Central Banks

Czech crown climbs as central bank scraps cap vs euro

Martin Divisek I Bloomberg via Getty Images

The Czech crown strengthened on Thursday, after the country's central bank said it had removed its long-held 27-per-euro cap.

The crown firmed to as much as 26.72 per euro as it began to gather momentum following a relatively modest initial reaction.

At roughly 1.4 percent, however, it was a more muted rise than most analysts had forecast. Overnight implied volatility, which on Wednesday had hit a nine-month peak as investors bet on, or sought protection against, an imminent removal of the cap, also tumbled to 1.65 percent from around 4.65 percent beforehand.

The central bank had been flagging its plans to remove the cap for months and gave a strong hint last week that a move might be imminent.

The decision followed a rise in inflation to 2.5 percent in February, above the bank's 2 percent target. It has also seen a tripling of its foreign exchange reserves over the more than 2 1/2 years the cap has been in place.

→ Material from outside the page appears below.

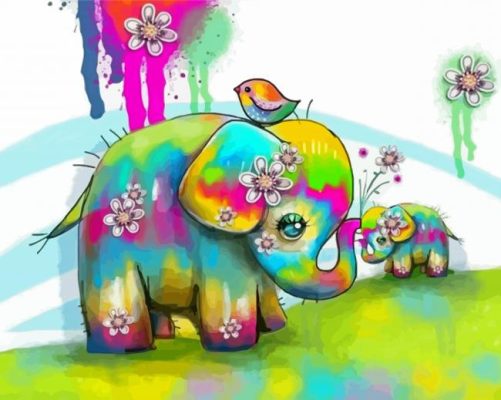 Colorful Elephants Baby Paint By Numbers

The central bank said on Thursday its foreign assets had grown by 230 billion crowns, or 8.53 billion euros, between March 21 and 31.

Yields on the Czech Republic's crown-denominated sovereign debt rose across the curve, while the country's euro bond yields mostly.

Yields on the local two-year issue were up 15 basis points at minus 0.132 percent after earlier touching minus 0.088 percent - their highest since July 2016.